__ACTIVITY__: Would you retype the listing below word for word, without any of its pictures?

*** INFORMATION SHOWN ***

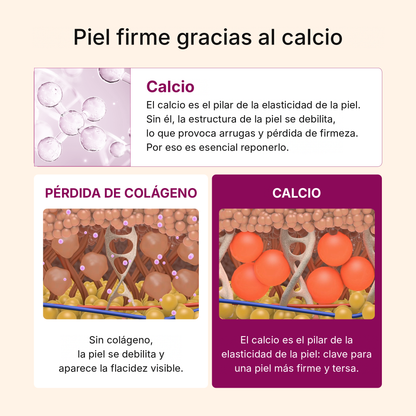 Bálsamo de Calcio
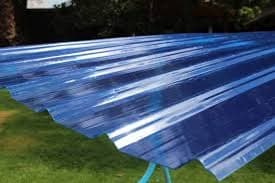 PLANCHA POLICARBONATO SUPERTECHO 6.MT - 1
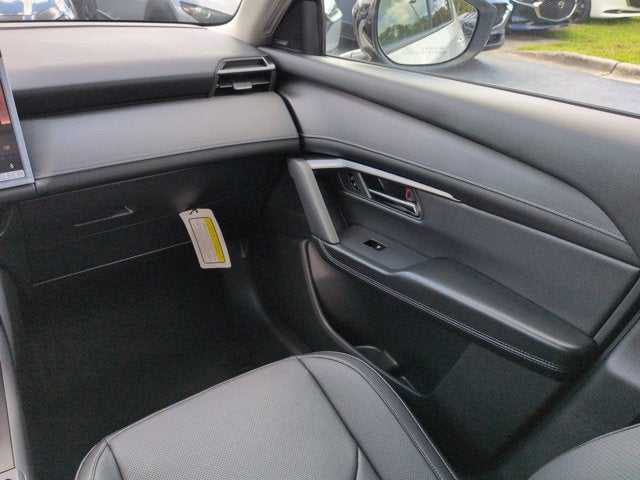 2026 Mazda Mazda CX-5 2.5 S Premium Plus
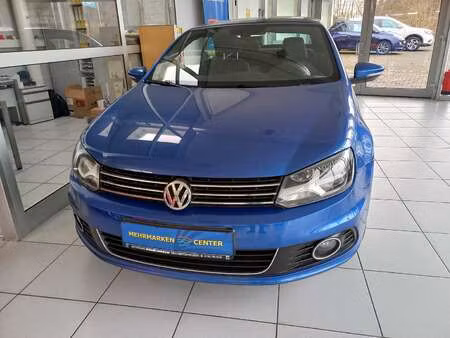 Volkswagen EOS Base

***

__ANSWER BOX__:
 Bálsamo de Calcio
 PLANCHA POLICARBONATO SUPERTECHO 6.MT - 1
 2026 Mazda Mazda CX-5 2.5 S Premium Plus
 Volkswagen EOS Base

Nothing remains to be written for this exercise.